Sure, you hear it playing over the opening credits and it pretty much launches the "Happy Harry" pirate radio show every scene but what do you get instead? Concrete Blonde, spilling paisley all over the damn thing. Okay, maybe not paisley, but certainly some bright and anthemic poison yellow color, something that takes away all the dread and menace from Leonard Cohen's version. Why? Probably because Leonard Cohen took a look at the movie afterwards and saw it as a seething piece of manipulative post-teen-movie crap and said, "Ok, i'm in the movie, but you can't sell me WITH your movie, got it?"

I think it's something more. I think Concrete Blonde's version with its soaring crescendo is supposed to translate into hope, that everybody does know the dice is loaded and the captain lied but if we...just...sing...togettthherrrr we can make it all right. Everybody knows, but it can change, right guys? Yeah!

Leonard Cohen's version, on the other hand, with its chugging strings and spanish accents, is a dirge. A funeral for hope, activism, and a brighter future. He can't even bother to sing, his voice just rumbles out of your speakers in a lazy croak, like the voice of the devil on your shoulder reminding you to give it all up.
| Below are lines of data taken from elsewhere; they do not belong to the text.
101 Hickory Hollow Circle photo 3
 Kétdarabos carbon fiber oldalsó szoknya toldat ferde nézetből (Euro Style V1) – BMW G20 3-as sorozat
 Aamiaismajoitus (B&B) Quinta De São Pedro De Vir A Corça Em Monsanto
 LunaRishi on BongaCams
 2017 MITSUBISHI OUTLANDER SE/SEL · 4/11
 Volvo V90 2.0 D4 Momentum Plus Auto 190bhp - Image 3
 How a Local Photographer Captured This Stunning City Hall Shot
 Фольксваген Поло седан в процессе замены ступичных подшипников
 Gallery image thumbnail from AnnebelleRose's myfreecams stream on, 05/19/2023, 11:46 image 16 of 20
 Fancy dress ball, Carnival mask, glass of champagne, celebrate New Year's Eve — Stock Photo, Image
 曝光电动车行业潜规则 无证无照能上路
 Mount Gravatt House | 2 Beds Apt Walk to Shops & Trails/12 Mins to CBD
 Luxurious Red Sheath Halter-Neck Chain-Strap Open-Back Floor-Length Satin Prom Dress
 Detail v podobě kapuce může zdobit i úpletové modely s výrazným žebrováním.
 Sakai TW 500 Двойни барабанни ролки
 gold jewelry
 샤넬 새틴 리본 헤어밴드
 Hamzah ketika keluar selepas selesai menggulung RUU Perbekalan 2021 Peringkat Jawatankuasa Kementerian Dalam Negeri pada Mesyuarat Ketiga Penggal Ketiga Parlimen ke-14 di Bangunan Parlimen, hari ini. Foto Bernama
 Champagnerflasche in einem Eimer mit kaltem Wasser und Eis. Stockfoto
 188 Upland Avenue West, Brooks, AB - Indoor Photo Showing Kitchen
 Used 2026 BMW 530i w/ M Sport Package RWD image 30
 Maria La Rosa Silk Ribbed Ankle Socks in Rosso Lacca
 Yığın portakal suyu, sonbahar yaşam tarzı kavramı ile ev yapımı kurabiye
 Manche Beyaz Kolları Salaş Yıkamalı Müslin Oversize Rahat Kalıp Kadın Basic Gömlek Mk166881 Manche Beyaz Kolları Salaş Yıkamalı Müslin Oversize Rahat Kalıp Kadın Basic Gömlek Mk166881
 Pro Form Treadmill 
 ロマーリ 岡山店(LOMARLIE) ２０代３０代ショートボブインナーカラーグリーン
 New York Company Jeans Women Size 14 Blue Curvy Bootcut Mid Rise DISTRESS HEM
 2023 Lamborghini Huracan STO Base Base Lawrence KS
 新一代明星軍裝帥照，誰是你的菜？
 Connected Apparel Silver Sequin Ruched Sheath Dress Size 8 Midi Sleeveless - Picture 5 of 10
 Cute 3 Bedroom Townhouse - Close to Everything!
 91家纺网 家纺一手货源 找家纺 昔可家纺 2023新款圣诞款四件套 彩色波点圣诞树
This does not sell popcorn.

But, through the prism of hindsight, Leonard had it figured out. Where's Concrete Blonde now? Where are we now? "Pump Up the Volume's" tagline was "Talk Hard," and we did, I think. Talk just wasn't enough. Everybody knows.

Buy some Leonard Cohen. He even sings most of the time!


At 1:14 PM, Blogger briana said...

Hey! We (and by we I mean myself and 8 other people) had a discussion about Pump Up The Volume at a dinner party on Saturday night. We also had a long discussion about Leonard Cohen, in which offered my 2 cents about the I'm Your Man documentarty (saw it at the Arclight festival)which in essence, sucked. How could you make a horrible documentary about an amazing musician? I don't know... but apparently start with using U2 as a marketing tool and go from there.

At 4:02 PM, Blogger chris said...

Hiya! Aw, that's a bummer about the documentary. I was looking forward to learning more about that guy. I'm pretty fascinated. Only a WEEK ago heard one of his early best-ofs for the first time. I'd only known his recent stuff (I think I saw a PBS concert special years ago), and was really surprised with all the melody. I knew the lyrics would be great, but the songs were solid.

Glad I'm not alone in keeping 'Pump Up the Volume' buried in my head. Were we just suckers? I mean, at the time it was goofily inspiring stuff, right? Also, I can't help wondering how Cohen feels knowing that he's forever linked to that movie.